The difference between “Moscow country nights'' and its elder sibling cake is the filling: instead of smearing shortcrust layers only with jam as in the GOST version, there are also layers of rich cream based on sweet condensed milk that makes the cake so scrumptious. The pastry is also not the same: in “Moscow country nights” there are two types of shortcrust, vanilla and cocoa, instead of the basic one. Truly, this is not the quickest and easiest cake to make – but sandwiching all these shortcrust layers, custard, nuts and jam results in one of the most show-stopping homemade cakes ever.


For the pastry:

  • 300-350 g flour
  • 100 g sugar
  • 140 g butter
  • 70 g sour cream
  • 15 g cocoa powder
  • 1 egg
  • 1 tsp vanilla sugar / extract
  • 1 tsp baking powder
  • a pinch of salt

For the layering:

  • 100 g nuts + 20 g for decoration
  • 150 g thick fruit / berry jam

For the cream:

  • 300 ml milk
  • 140 g sweet condensed milk
  • 140 ml heavy cream (33%-37% fat)
  • 30 g cornstarch 
  • 1 tsp vanilla sugar / extract
  • a pinch of salt


1. In a large bowl whip softened butter for a couple minutes until it becomes pale and airy – use your hand or a stand mixer. Add sugar, vanilla extract or sugar and whip for another 5 minutes.

2. Add one egg, sour cream, salt and mix until smooth. Next comes the sifted flour mixed with baking powder – add it gradually, by 3-4 tablespoons at a time, and continue kneading. 

3. You should get a quite soft and non-sticky shortcrust pastry. Separate 2/3 of it, divide into 3 equal portions, round each into a ball, wrap in cling film and set aside in the fridge for 1 hour.

4. Add cocoa powder to the remaining 1/3 of the dough and knead until you get a smooth brown color. Again, round into a ball, wrap in cling film and put in the refrigerator for 40-60 minutes to set. 

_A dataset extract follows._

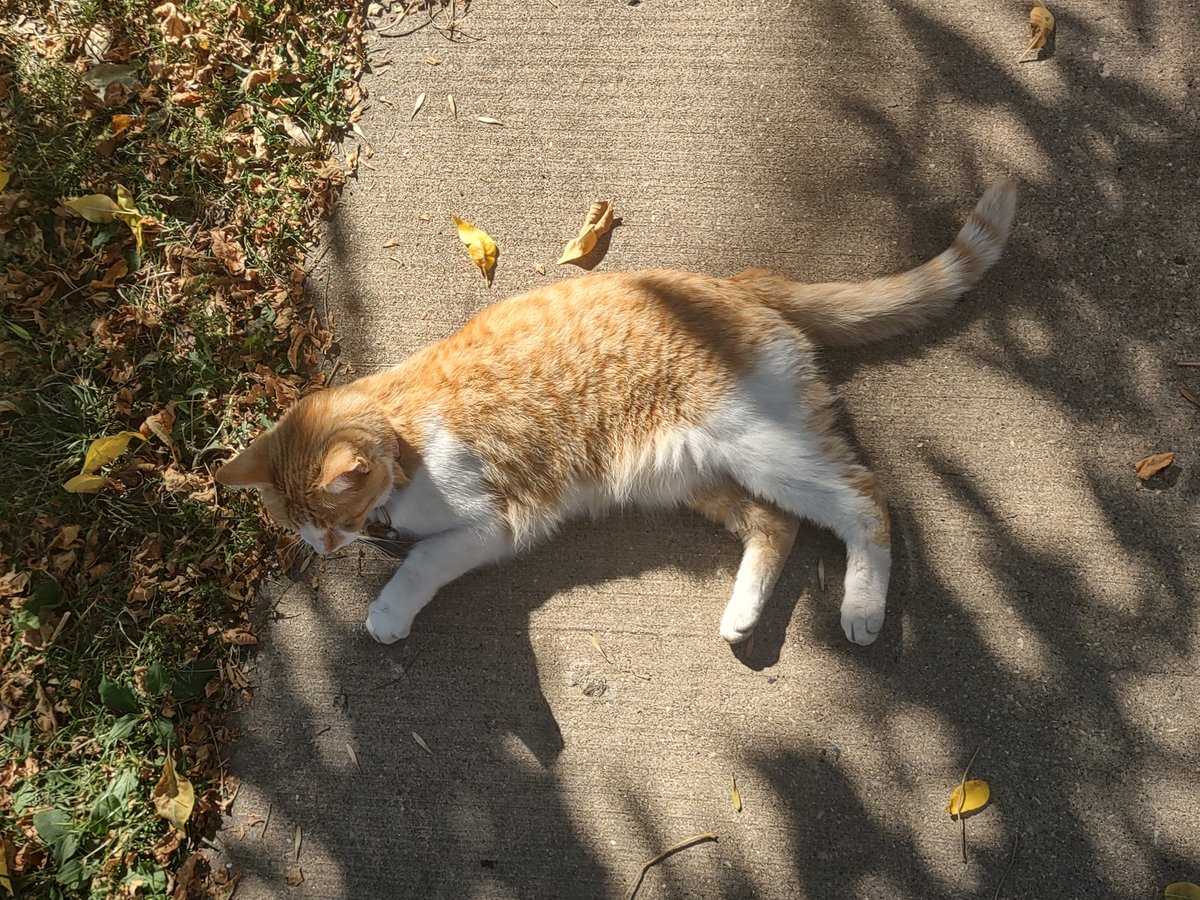 I present, car (not mine, just this friendly one I find on my way to the bus stop and coming home)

5. Back to the chilled vanilla dough – working with one at a time, roll a cold piece into a 2 mm thick layer right onto a sheet of baking parchment. Cut off uneven edges to get a square or rectangle shape. Do not throw away the edges – we will use them later.

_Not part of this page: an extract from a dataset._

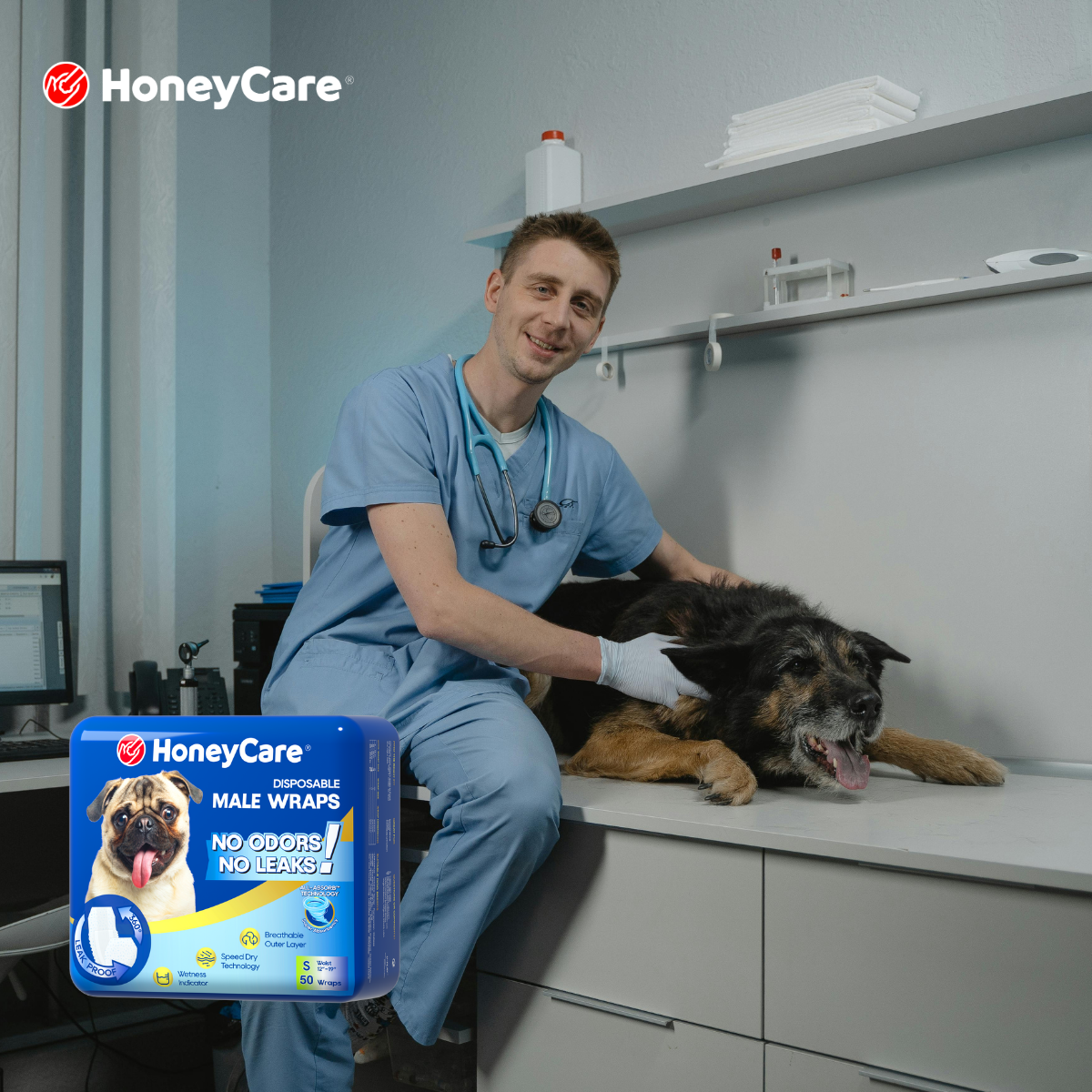 Troubleshooting Messes: Why Your Dog Wrap Leaks and How to Fix It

6. Now take 1/3 of fruit or berry jam and spread it over the pastry layer evenly. Feel free to use any jam you like – I use sourish apple jam as the cream, and the pastry in this recipe is already quite sweet. The only claim – your jam should be thick so that it does not leak while baking. 

7. Next, sprinkle 1/3 of the nuts (50/50 walnuts and almonds in my case) on top of the layer – chop them slightly before adding. 

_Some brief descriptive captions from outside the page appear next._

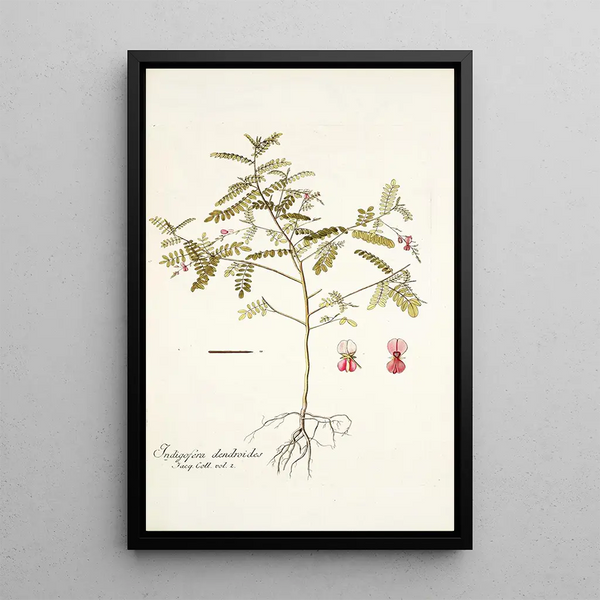 Nikolaus Joseph Freiherr von Jacquin - Indigofera dendroides.webp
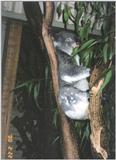 Koala (4 images)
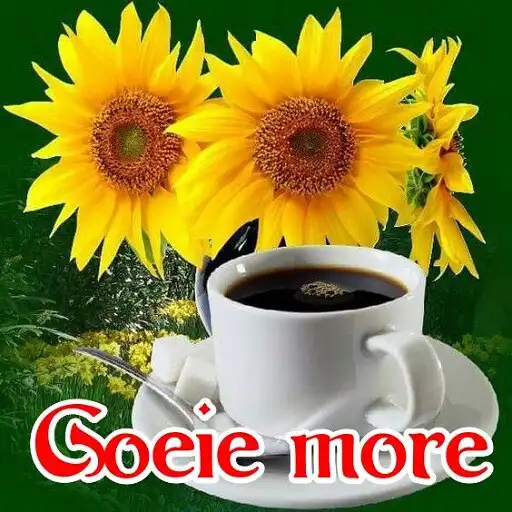 Play Goeie môre Beelde  and enjoy Goeie môre Beelde with UptoPlay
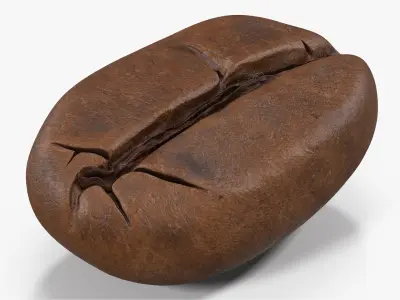 Coffee Bean Roasted 2 v 2 3D model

8. Finally, take your frozen cocoa pastry piece and grate 1/3 onto a layer using a basic cheese grater. The first layer is ready – now place it on a baking tray and put in the oven at 200°C for 15 minutes.

9. Repeat the whole process with another 2 layers: sandwich and bake the same way. Set them aside to cool completely.

10. As for the remaining pastry edges, piece them together, roll out and bake as well for 7-10 minutes until you get a golden-brown surface. Wait until the layer is cooled and crumple it finely to use for cake’s decoration later on.

11. Now, moving to the cream: in a saucepan mix cornstarch with half of the milk until even free of clumps – the higher fat content milk you use, the richer the taste of the cream. Add sweet condensed milk, the remaining milk and a good pinch of salt – mix again and put on medium heat.

12. Constantly stirring the mixture, cook until it thickens like your basic custard – cover with cling film and set aside to cool completely.

13. Meanwhile, whip heavy cream until you get soft peaks – the traditional recipe calls for using butter at this point, but I’m not the biggest fan of a buttercream base, so usually replace it with whipped heavy cream or mascarpone. 

14. Combine the whipped cream with cooled custard – the cream is ready!

15. All you have to do next is to assemble the cake: generously cover the first layer with the cream, put the second layer on top and repeat with the rest. 

16. Finally, spread the remaining cream over the cake’s edges and sprinkle it with pastry crumbs and chopped nuts.

17. Here is the last and most difficult step – leave the cake in the fridge for at least 5-7 hours, or better, overnight to set and saturate. Then, cut in nice pieces and enjoy “Moscow country nights” with a cup of black coffee – priyatnogo appetita!